[DATA FOR THIS TASK Boundary: Start]

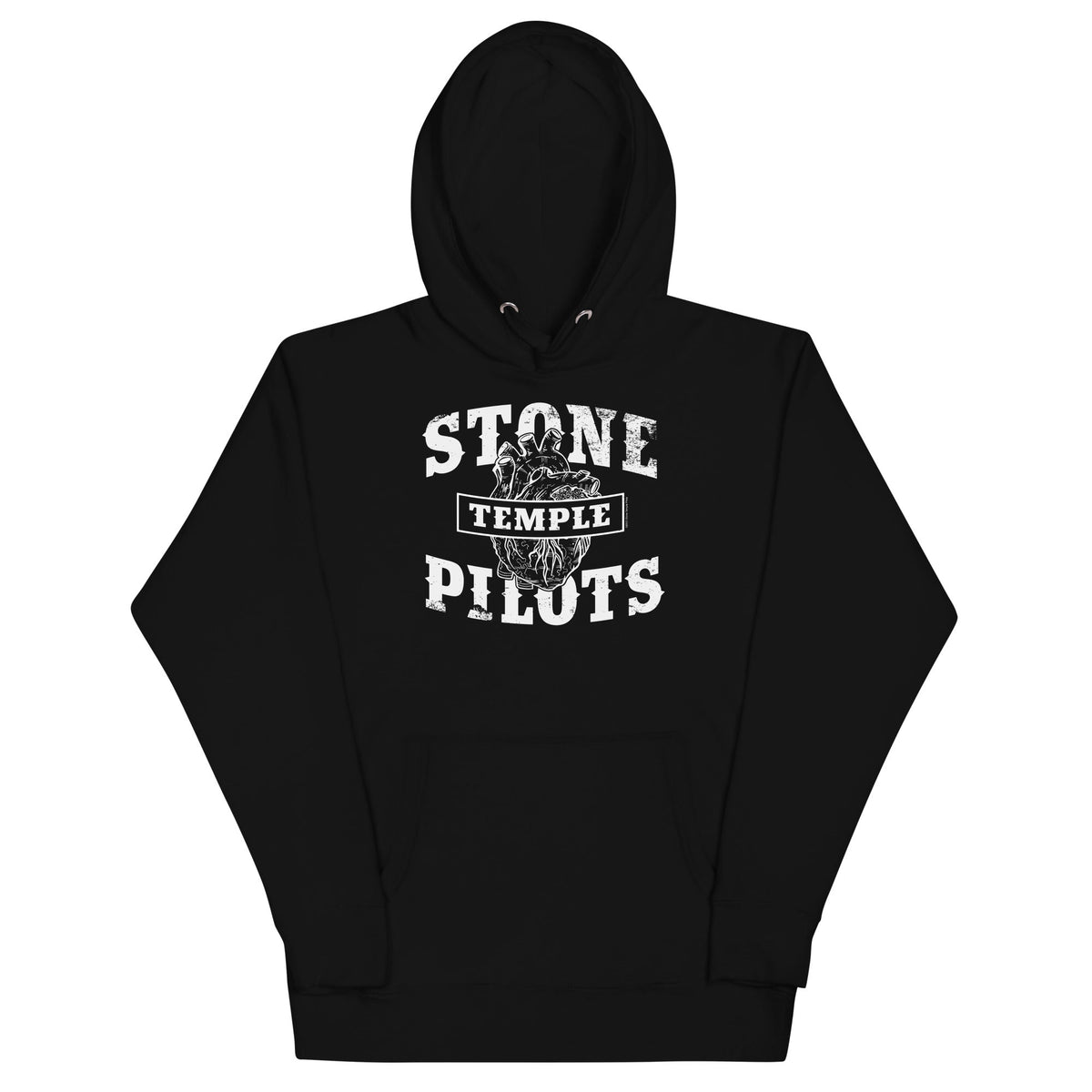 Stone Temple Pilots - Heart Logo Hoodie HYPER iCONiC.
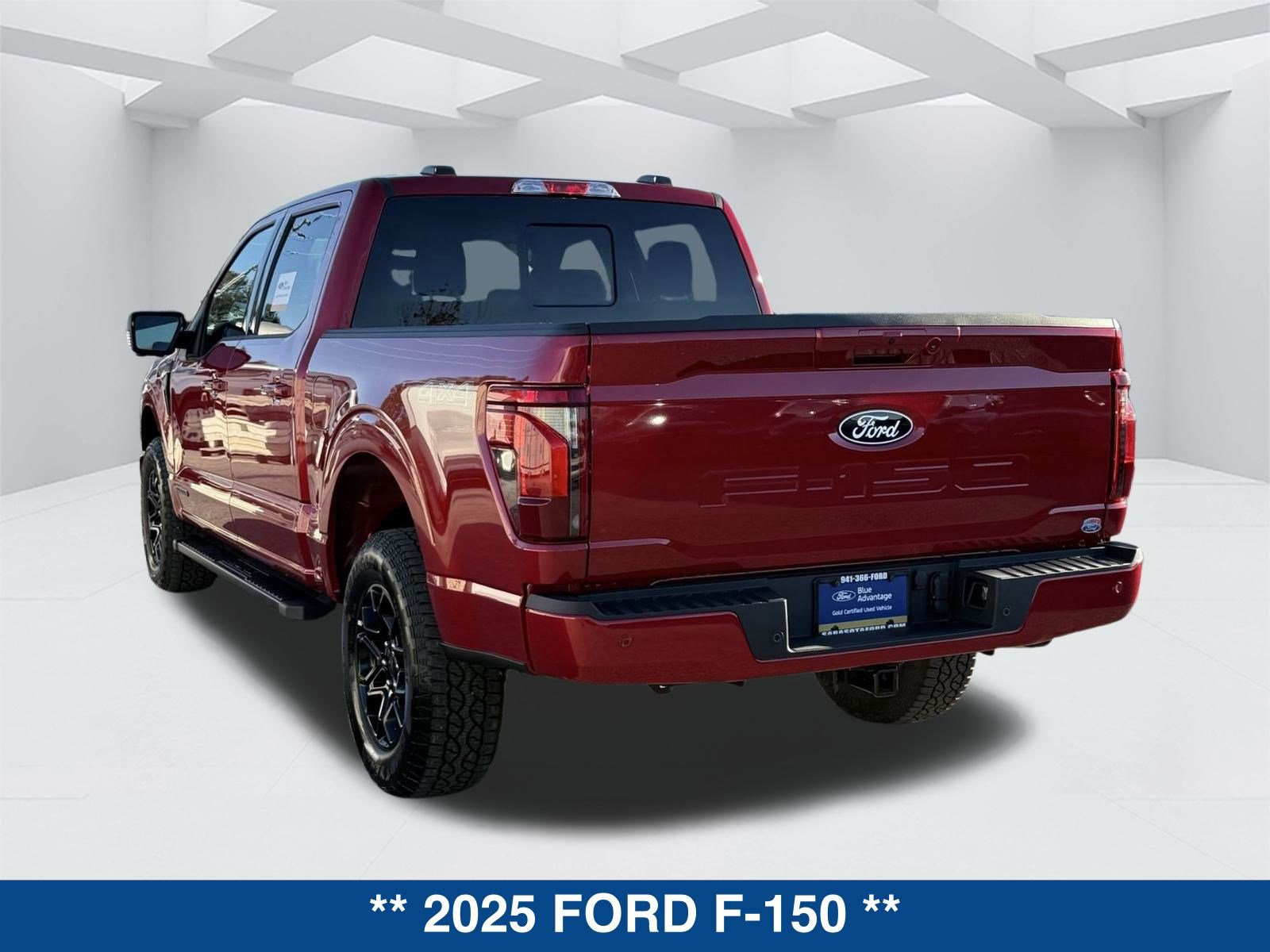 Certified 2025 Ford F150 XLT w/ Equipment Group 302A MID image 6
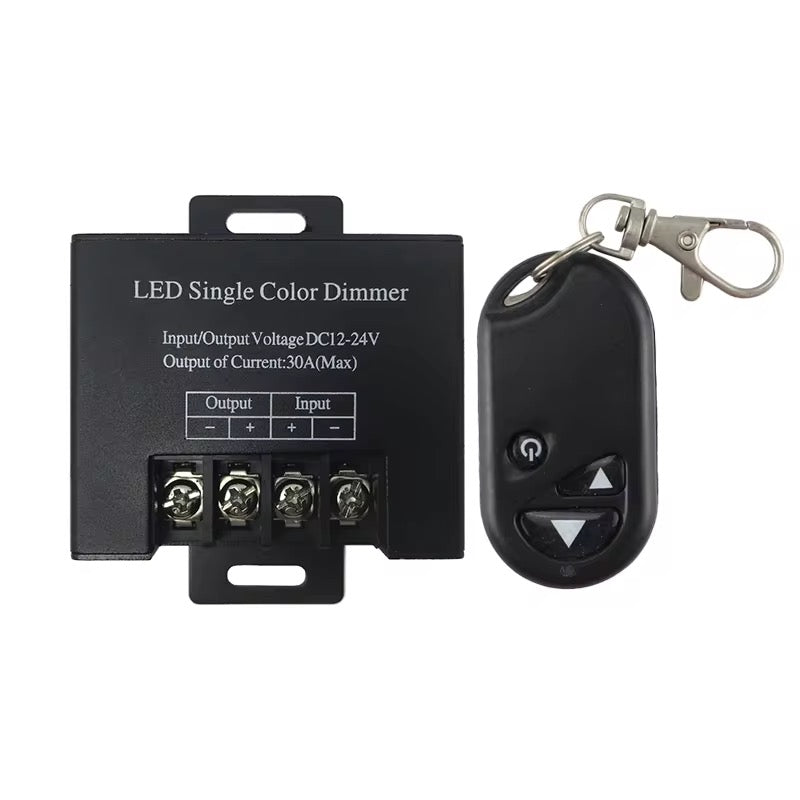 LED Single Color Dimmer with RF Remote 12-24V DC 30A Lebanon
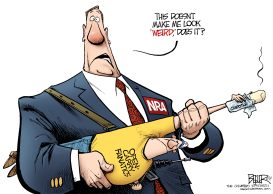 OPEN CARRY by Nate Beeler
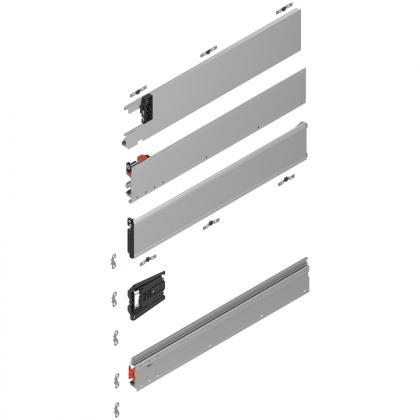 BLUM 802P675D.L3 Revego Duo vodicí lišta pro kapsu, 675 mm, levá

[DATA FOR THIS TASK Boundary: End]

▶ [ACTION ITEM] Write out the lines from the line with "LED Single Color" through the end of the records exactly; do not include pictures or any other lines.

▶ [RESPONSE BOX]
 LED Single Color Dimmer with RF Remote 12-24V DC 30A Lebanon
 OPEN CARRY by Nate Beeler
 BLUM 802P675D.L3 Revego Duo vodicí lišta pro kapsu, 675 mm, levá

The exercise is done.